The family plus Maggie and Joe went to Crossroads for the supper buffet. After a 45 minute wait, we were seated and again ate more than we should have. But it was good. Then we headed back to the campground. Some went to the fire while others played 'dirty bingo'. Howard and his banjo, Eileen and her accordion and Lois and her guitar played requests, often by ear, and people sand along. I even did a solo of Me and Bobby McGee at one point while stone cold sober. Occasionally I scare myself. Most songs were trouble because everyone remembers the lyrics for the first stanza and then runs out of steam. We need song books for next year.
Tonight was earlier to bed. I headed in at 1:00 AM this time.
Friday, August 31, 2007
After breakfast, took a little ride up back roads to Elora and Fergus, where we stopped at Canadian Tire so Heather could get a few bike items. Then we headed back to the campground and went through the ordeal of setting up our big screen tent (hard) and Maggie McLeod's tent (even harder).
That done, we sat back and watched people arrive. They came in all afternoon and we ended up with quite the community out behind us. Here, first timer Lloyd and veterans Bob & Martha, Fred and Gabby and Mabel are set up and kicking back under the sunny skies.
The forecast for the weekend is sunny and dry. Maybe for once, the weather man will get it right despite his spectacular failures so far this year.

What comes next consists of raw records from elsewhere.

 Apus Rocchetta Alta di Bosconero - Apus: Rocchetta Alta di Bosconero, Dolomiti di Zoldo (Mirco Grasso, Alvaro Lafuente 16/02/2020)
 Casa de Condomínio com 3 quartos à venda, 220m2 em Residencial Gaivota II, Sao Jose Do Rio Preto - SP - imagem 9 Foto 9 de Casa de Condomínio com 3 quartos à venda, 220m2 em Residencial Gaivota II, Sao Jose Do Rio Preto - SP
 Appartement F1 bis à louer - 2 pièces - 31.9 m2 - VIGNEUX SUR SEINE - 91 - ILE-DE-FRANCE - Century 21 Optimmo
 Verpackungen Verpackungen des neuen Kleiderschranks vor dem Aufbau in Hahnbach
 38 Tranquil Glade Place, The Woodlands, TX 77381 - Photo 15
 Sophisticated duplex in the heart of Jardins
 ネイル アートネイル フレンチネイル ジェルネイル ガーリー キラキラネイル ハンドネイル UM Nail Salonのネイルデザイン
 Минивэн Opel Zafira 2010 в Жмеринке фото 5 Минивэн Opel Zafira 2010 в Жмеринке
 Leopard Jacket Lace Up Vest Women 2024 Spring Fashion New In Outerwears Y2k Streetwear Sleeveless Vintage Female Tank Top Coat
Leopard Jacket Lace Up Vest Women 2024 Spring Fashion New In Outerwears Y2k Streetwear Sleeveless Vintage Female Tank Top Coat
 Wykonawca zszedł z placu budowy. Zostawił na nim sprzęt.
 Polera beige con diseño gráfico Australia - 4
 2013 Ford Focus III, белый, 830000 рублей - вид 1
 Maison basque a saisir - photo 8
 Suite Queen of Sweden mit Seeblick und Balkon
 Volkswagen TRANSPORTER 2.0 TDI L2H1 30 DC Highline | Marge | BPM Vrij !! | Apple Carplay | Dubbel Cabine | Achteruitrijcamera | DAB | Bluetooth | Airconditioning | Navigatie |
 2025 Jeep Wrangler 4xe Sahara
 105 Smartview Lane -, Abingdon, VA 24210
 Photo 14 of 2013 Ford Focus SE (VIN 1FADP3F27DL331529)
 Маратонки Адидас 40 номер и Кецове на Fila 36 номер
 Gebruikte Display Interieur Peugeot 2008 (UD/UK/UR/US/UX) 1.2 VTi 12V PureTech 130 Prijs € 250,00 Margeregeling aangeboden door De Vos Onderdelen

As the sun got towards the horizon, Tom and then Kim and Mike finally showed up. The family headed out to Elora to the Gorge Family Restaurant. Lots of food at reasonable prices. As usual, most of us ate too much. From the left, we have son-in-law Mike, Kathy Dickinson from Ottawa, Maggie McLeod from near Cambridge, Tom, Heather, Kim and Sandy.
After supper, we headed back in the dark. It was another chilly, damp evening, so we hung out at the camp fire visiting with everyone. At the end, Mike, Amber Appleby and I called it quits at about 2:30 AM.